Andre Sorrentino hopes to unseat incumbent Kevin Orelli by getting elected Tuesday as Huntington highway superintendent. He has plans to boost morale and make several changes to the Highway Department.
Asked about the quality of the roads in Huntington, he said, “I won’t be that guy that does paving at election-time only.” According to Sorrentino, in order to improve the roads throughout the town, “Everybody should work together; the county, the state, and the town.”
Sorrentino feels that in-house work can be done to save taxpayers money. While he acknowledges this cannot be done with large roads, Sorrentino feels that small residential streets such as David Court in Huntington Station, can be done by his team, in-house. “I know that the paving equipment that we have is small, but to do an area like that would be just fine…” He said. When it comes to prioritizing residential roadwork, he said, “Safety is the biggest part. If I go to a road that wasn’t on a list, and it’s unsafe,” Sorrentino stated, “…it’s getting addressed.”
In regard to allocating funds for the Highway Department, Sorrentino believes that a professional grant writer would also be helpful. He feels he has demonstrated his ability as director of General Services for the town. “I’m gonna go to every board meeting, and try and allocate for more money for my department,” he said.
Sorrentino said that the Highway Department needs exactly what General Services needed before he got there; team morale. “I believe it’s at an all- time low.” “I’ll work alongside you.” He added, “I’ll never tell someone to do something that I wouldn’t do myself.”

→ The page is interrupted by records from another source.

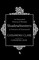 Clare, C: Illustrated History of Notable Shadowhunters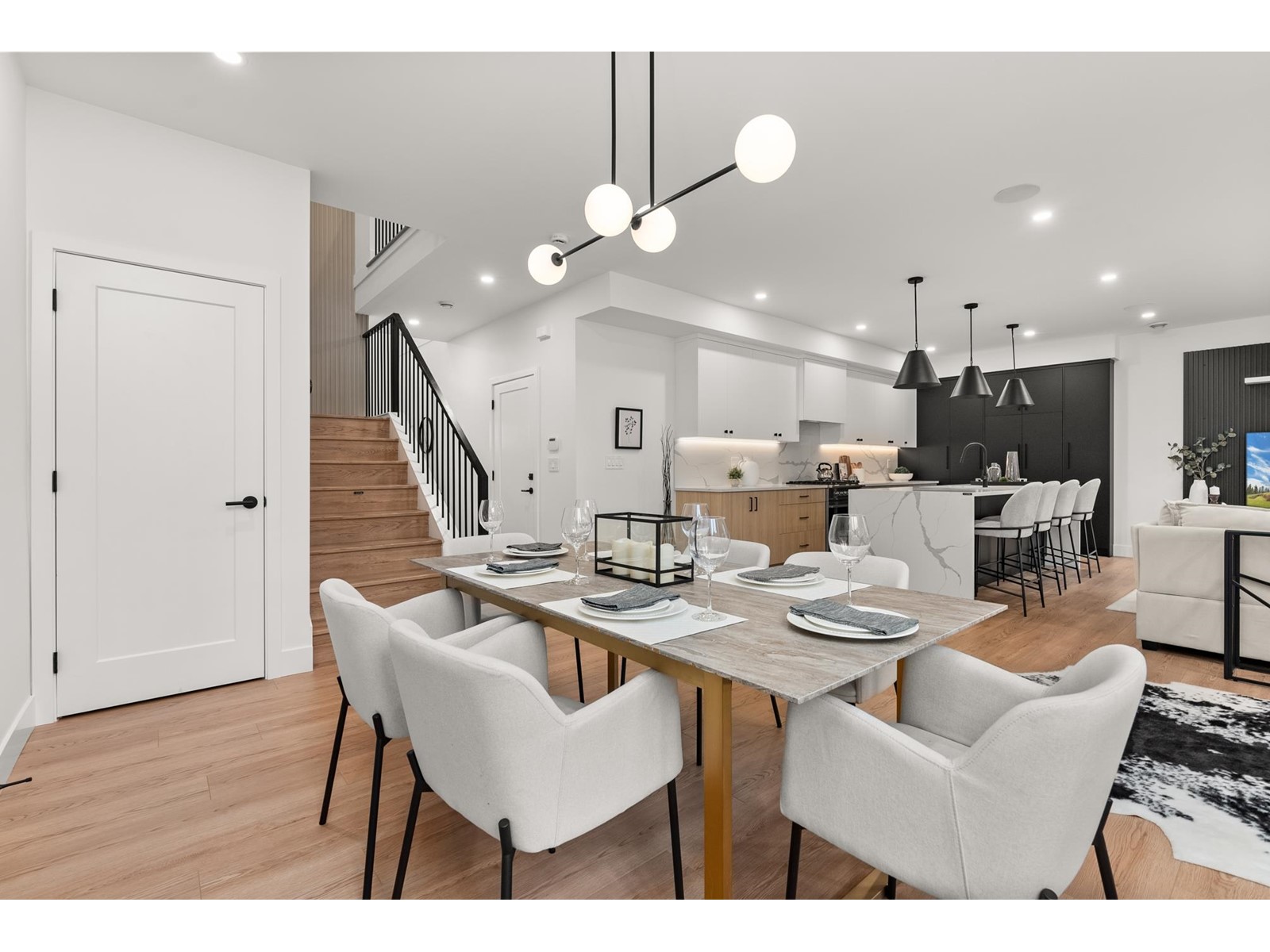 66 16358 90 Avenue, Surrey, British Columbia  V4N 1A1 - Photo 13 - R2989553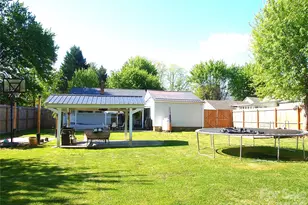 316 Hazelwood Ave, Waynesville, NC 28786 - Photo 41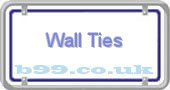 wall-ties.b99.co.uk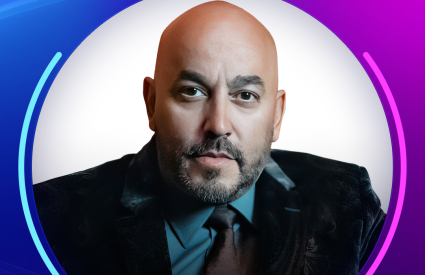 ¿Cuántos votos tiene Lupillo en la 15ava eliminación de LCDLF4?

According to Sorrentino, when it comes to working for the town of Huntington, hard work is often overlooked. He said that many temporary workers are brought back a range of 3 to 10 summers in a row, but are never offered a permanent position. “These men and women haven’t been given the opportunity to prove how great they are, and how much they can do if you just give them a chance.” He feels that anyone who has proven themselves for 3 to 4 years as a temporary employee should be offered a job if selected to come back. “I believe in people, not politics,” Sorrentino said.
When asked if changing weather could be affecting the roads, Sorrentino noted that floods are partially responsible for the damage. He explained how there used to be a program ensuring routine maintenance of storm drains and catch basins. Sorrentino feels that cleaning them should be regimented; and plans to assemble a team to do the job. He also plans to add new drainage.
In addition to the damage caused by floods, Sorrentino claims that salt is also responsible. He said, “I know they used to use something called a 50/50 mix, which is sand and salt together. It’s a much better cleanup with salt, I agree, but the problem is, it just abuses the roads.” Although the mix would be more to clean up, he said, “We always had a sweeping program that was perfect. The sweepers went out 3 times a year…” He said, “At the end of the day, the sweepers will clean up that sand.” Sorrentino added that the sweepers would not only be removing sand, but also garbage, paper and other debris.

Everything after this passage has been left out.